How could that exciting display not trigger memories of magnificent Arsenal victories at Wembley?
Arsenal dispatched West Ham in a thrilling third round tie and by doing so continued Wenger’s excellent record of never having been knocked out of the FA Cup in the third round.
Surely when we win a match the manager’s team selection should be regarded as the correct one? It seems to make sense with hindsight: a strong back line, a chance for the young Firebrands to strut their stuff in the middle of the park and an attack that had, on one hand, an opportunity to regain some confidence while on the other an opportunity to make more of a mark and all having a chance to prove to Wenger that there would be no need to enter into the transfer market during this window.
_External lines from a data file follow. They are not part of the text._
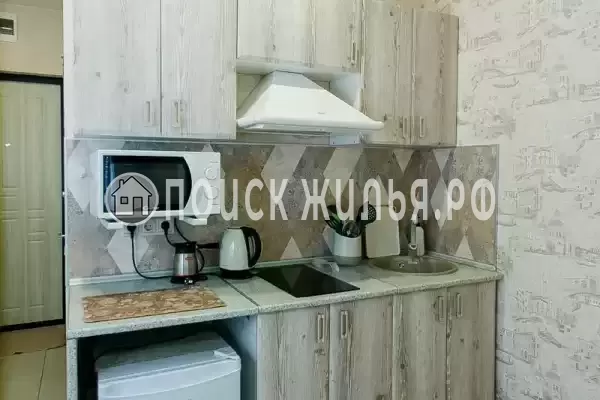 Апартаменты «Венеция» Апартаменты «Венеция»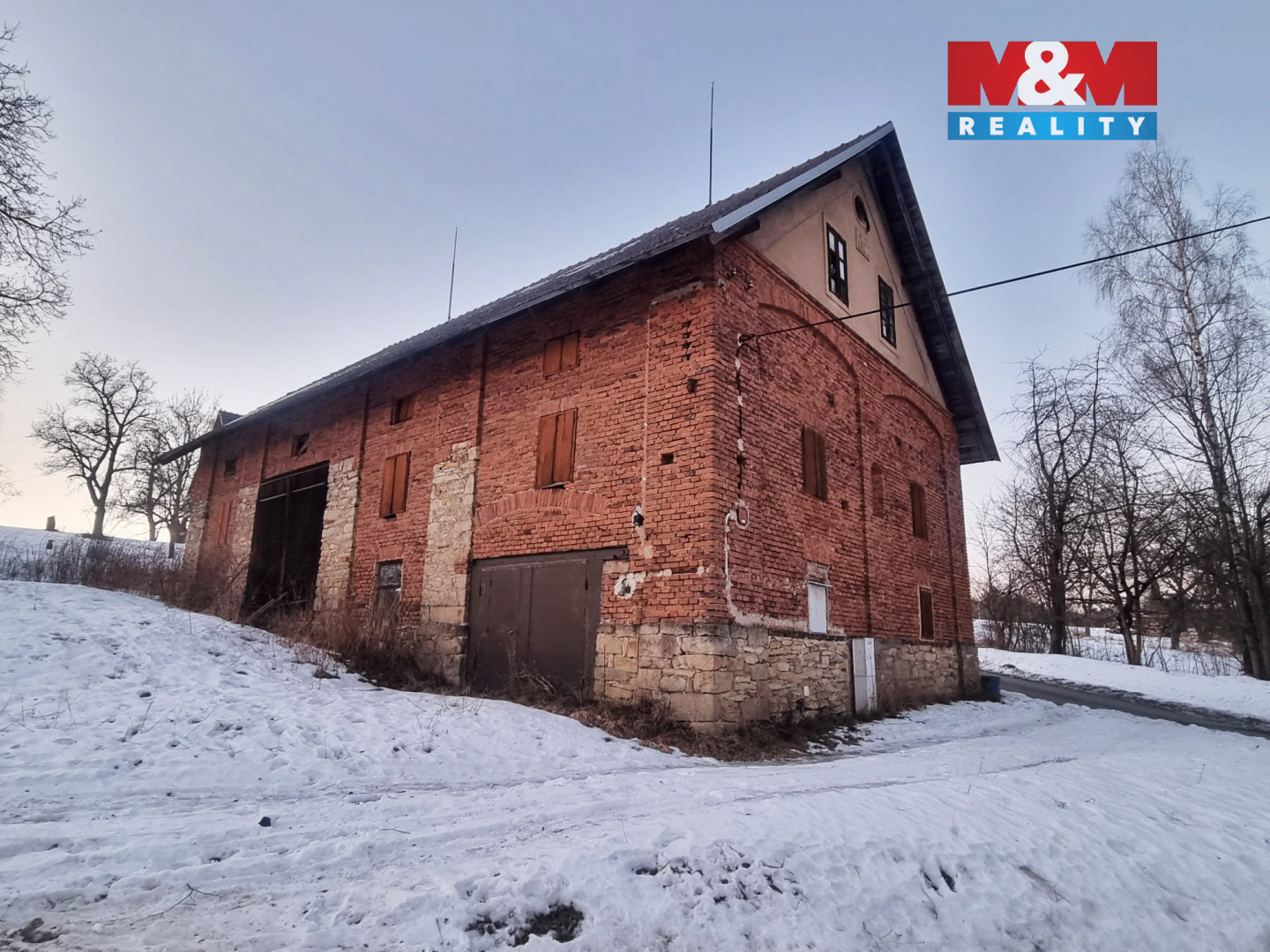 WhatsApp Image 2026-01-20 at 18.59.50 (6).jpeg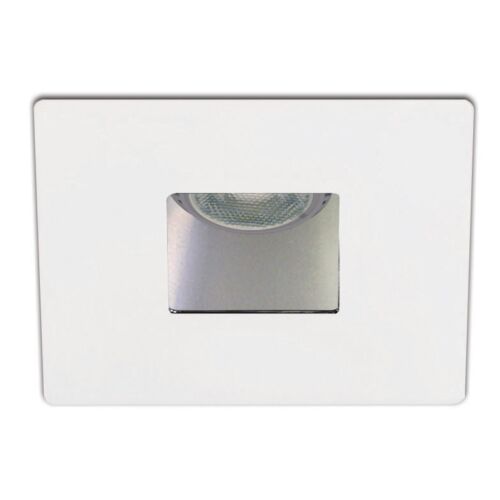 Contrast Lighting Evolution LED R3151W-01 Light trim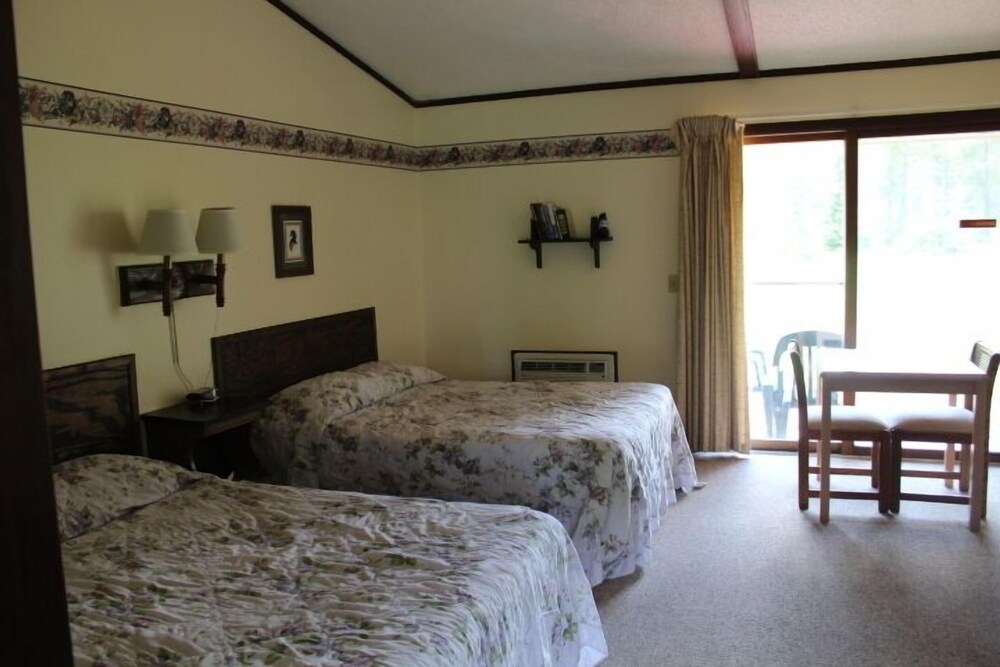Edelweiss Motel - photo 7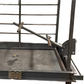 Northern Fire Table XL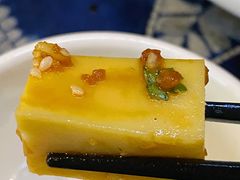 -滇道云南特色料理(康定路店)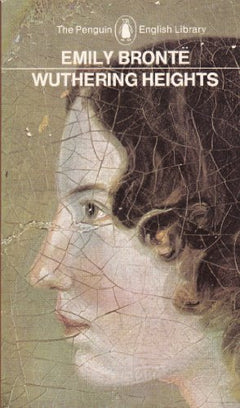 Les hauts de hurle-vent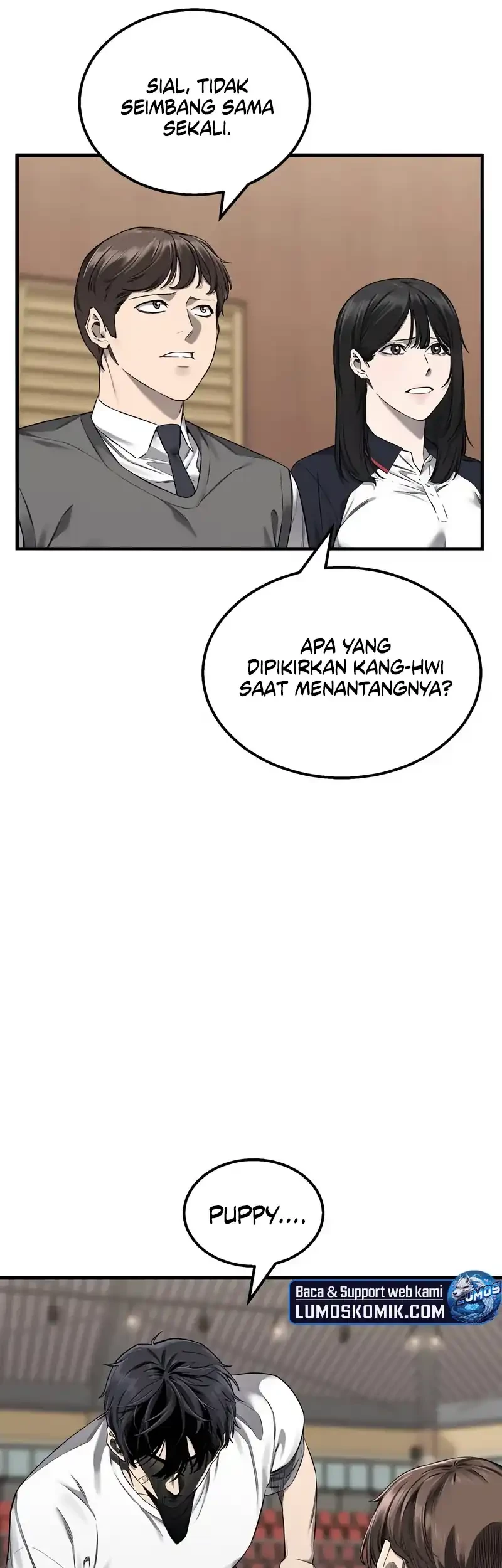 Chapter 1 - halaman 142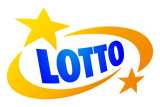 Lotto logo image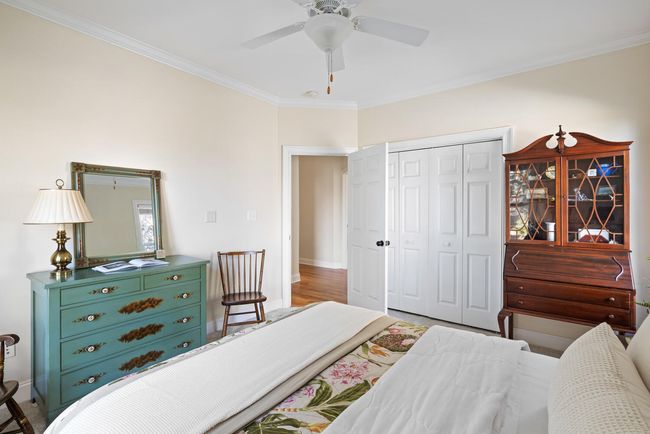 3021 Rushland Mews | Image 32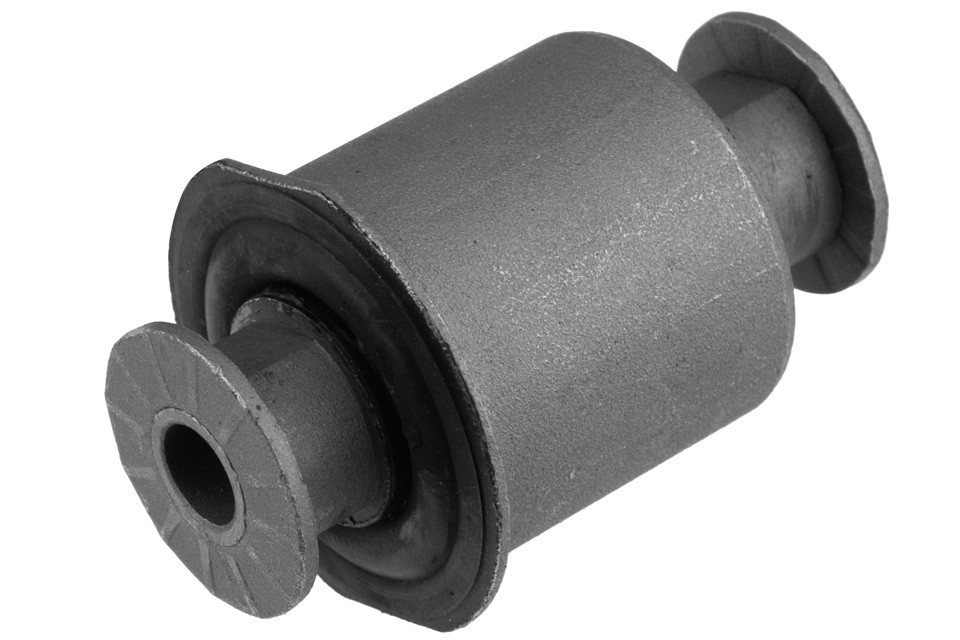 Fits NTY ZTT-CH-017A ARM BUSHING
Well, that may have been the theory; the trouble is that the defence was not solid with Silvestre doing an impersonation of a boxer out of breath and on the ropes for the majority of the game. Two of the young Firebrands were committing that oh so youthful sin of believing their own hype and failing to do the one thing that got them there in the team in the first place – doing the simple things well. Nothing demonstrates this better than Wilshire dribbling the ball in our own area and losing it which almost cost us a goal. The withering look that Gallas gave him after would scare small children from here to France.
West Ham sensing that we were having a bad day at the office came onto us with all the gusto of a man having been condemned to death and given the opportunity escape or perhaps more accurately having been widely expected to be knocked out but presented with the slim possibility of staying in the competition. We were pants in the first half: a couple of scuffed chances topped off with some school boy defending by Silvestre sending us into the break one nil down and no less than we deserved.
Wenger obviously sat the young guns down in the break and reminded them that their destiny is to become the best midfield that Arsenal had ever produced because they came out with far more belief but unfortunately still not enough cutting-edge to even the game up.
Changes had to be made and on the hour Wenger sent on Nasri and Diaby: the effect was not so much that the team moved up a gear it was more like they put the keys in the ignition and started the engine up for the first time.
The Gallic duo changed everything, not quite as dramaticly as Cesc coming on against Villa but it has to be noticed that Wenger is improving at this substitution malarkey.
Sagna, Silvestre and Song, who was my man of the match by a country mile, all pushed up; Vela was sent out to the wing which gave us width for the first time; Eduardo was given a ginger suit with a long nose and a bushy tail and told to stand in the box, while Ramsey freed from the responsibility of having to mop up other peoples mess could concentrate on driving forward into West Ham’s penalty box and scoring goals and that, as you know, is exactly what he did: the nimblest piece of interplay between Vela and Ramsey resulted in the Welsh Wonder Kid firing a low drive past the helpless Robert Green to even the score.
West Ham’s heads went down and it became a competition of men against boys, only now it was our men against their boys, we were totally dominant.
The winner came from a fine cross from Vela into the penalty area for Eduardo to out jump Upson and send a looping header into the top corner. This goal not only won the match but it put an end to this nonsense of signing yet another over rated ex-Arsenal player. The smile on the face of the Fox in the Box said everything we needed to know about just how important it was for him to score and the relief it gave him.
The tie was ours West Ham were sent scurrying back to their places and all that was left to do was play a bit of exhibition football until the final whistle.
Fabianski: is obviously going to be our number one goal keeper next year, kept us in the tie with a brilliant save just before half time. 8
Sagna: crap crossing as usual but we scored more goals than they did so I guess that’s all that counts. 7
Gallas: always good nowadays but why was he risked? 7.5
Vermaelen: I would have preferred to have known that he was doing an add for a Belgian beer at home rather than risking himself in East London. 7.5
Silvestre: in his defence, the West Ham’s goal was off side. 6
Wilshire: the idea that he will get games at a team that will be fighting for their lives in the not too distant future like Burnley makes me laugh. 5.5
Song: I have one request: come back soon and safe. 9
Ramsey: ohhh we like Ramsey, sprang to life when the dynamic Gallic duo came on and made everyone’s afternoon. 8
Merida: totally out of his depth but how do you improve unless you play. 6
Eduardo: needed that goal badly. 7.5
Vela: the young Mexican’s attitude has changed from a person who expected to glide into the first team when he first arrived to one who seems to be prepared to fight for it, improved enormously when he moved out to the wing. 7
Which brings me to the question above: who says that the magic of the FA cup is dead?
I do — it left me as I made the long, lonely walk from the Stade de France back into the centre of Paris with the memory of being one up and the image of Thierry Henry being one on one with Valdes; he missed. It still hurts; I want to win that one more than I want us to win anything else and I don’t want our players arriving at the next final more tired than they need to be from unnecessary exertions in the now almost insignificant FA Cup. By beating West Ham we are forced to go to Stoke a couple of weeks before the CL re-starts and by doing so we risk fatigue at best and injury at worst. I would have preferred a completely CC team and worked on the basis that if the kids swam they swam and if they sank they sank.